== To do ==
Repeat the stretch of entries below from the line with "Оптический датчик Leuze" through the line with "読者5人が「内臓脂肪プログラム」に3週間チャレンジ！". Include both ends and add nothing.
[Source information Boundary: Start]
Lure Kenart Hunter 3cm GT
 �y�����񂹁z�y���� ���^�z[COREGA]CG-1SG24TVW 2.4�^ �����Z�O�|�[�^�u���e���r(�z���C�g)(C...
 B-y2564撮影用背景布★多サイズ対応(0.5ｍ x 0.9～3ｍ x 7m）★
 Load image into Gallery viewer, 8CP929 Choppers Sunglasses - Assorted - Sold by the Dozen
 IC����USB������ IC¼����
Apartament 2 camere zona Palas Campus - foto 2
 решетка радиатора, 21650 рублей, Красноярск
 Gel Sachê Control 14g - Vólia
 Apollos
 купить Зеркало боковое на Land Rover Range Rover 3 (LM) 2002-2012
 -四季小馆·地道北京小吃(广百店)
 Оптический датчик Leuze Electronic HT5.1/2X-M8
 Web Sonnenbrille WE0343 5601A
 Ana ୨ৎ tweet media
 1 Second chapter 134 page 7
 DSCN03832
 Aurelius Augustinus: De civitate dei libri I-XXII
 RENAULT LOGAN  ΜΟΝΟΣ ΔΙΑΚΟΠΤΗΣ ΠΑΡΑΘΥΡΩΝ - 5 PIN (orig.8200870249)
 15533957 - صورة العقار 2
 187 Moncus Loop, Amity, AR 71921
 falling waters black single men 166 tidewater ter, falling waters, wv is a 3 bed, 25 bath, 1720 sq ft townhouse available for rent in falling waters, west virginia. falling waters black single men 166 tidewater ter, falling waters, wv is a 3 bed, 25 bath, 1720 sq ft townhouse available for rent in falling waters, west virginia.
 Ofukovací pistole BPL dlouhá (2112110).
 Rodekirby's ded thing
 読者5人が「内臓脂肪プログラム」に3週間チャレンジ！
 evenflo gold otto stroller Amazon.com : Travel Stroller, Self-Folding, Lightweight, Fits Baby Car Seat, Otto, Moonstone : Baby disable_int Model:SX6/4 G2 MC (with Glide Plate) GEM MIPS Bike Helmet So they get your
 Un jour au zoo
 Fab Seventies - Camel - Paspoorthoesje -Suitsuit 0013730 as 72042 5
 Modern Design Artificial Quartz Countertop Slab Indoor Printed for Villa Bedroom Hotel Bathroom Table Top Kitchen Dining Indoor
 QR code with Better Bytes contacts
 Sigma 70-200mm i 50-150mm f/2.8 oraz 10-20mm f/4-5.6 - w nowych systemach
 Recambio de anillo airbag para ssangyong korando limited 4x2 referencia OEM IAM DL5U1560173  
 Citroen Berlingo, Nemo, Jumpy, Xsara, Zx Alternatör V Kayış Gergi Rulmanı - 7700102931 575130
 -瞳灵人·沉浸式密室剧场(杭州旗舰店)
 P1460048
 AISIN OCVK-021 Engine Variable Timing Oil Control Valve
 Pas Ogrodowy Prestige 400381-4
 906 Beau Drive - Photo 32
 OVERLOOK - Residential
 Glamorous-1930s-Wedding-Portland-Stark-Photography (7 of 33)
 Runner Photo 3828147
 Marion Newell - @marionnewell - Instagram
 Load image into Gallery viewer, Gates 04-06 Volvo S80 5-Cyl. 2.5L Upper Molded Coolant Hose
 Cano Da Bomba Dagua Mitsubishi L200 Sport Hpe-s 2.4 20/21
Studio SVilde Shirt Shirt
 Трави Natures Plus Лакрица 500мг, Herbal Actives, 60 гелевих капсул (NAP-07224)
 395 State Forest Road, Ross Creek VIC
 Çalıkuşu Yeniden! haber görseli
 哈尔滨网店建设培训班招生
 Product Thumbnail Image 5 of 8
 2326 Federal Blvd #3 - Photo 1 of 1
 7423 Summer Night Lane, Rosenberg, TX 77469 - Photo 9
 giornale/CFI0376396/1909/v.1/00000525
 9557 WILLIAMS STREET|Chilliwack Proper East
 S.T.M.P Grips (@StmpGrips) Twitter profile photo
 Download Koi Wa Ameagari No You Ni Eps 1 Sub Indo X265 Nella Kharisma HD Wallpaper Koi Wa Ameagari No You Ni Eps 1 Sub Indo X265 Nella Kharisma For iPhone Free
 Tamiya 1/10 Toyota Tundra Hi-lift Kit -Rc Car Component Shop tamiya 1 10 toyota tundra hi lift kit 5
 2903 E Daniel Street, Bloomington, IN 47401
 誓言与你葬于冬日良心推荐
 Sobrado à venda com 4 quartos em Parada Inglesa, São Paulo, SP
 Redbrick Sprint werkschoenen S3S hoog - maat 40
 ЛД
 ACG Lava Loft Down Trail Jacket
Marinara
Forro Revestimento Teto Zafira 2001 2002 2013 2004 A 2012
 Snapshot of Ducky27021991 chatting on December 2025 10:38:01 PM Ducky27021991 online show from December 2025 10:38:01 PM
[Source information Boundary: End]
== Answer to this problem ==
 Оптический датчик Leuze Electronic HT5.1/2X-M8
 Web Sonnenbrille WE0343 5601A
 Ana ୨ৎ tweet media
 1 Second chapter 134 page 7
 DSCN03832
 Aurelius Augustinus: De civitate dei libri I-XXII
 RENAULT LOGAN  ΜΟΝΟΣ ΔΙΑΚΟΠΤΗΣ ΠΑΡΑΘΥΡΩΝ - 5 PIN (orig.8200870249)
 15533957 - صورة العقار 2
 187 Moncus Loop, Amity, AR 71921
 falling waters black single men 166 tidewater ter, falling waters, wv is a 3 bed, 25 bath, 1720 sq ft townhouse available for rent in falling waters, west virginia. falling waters black single men 166 tidewater ter, falling waters, wv is a 3 bed, 25 bath, 1720 sq ft townhouse available for rent in falling waters, west virginia.
 Ofukovací pistole BPL dlouhá (2112110).
 Rodekirby's ded thing
 読者5人が「内臓脂肪プログラム」に3週間チャレンジ！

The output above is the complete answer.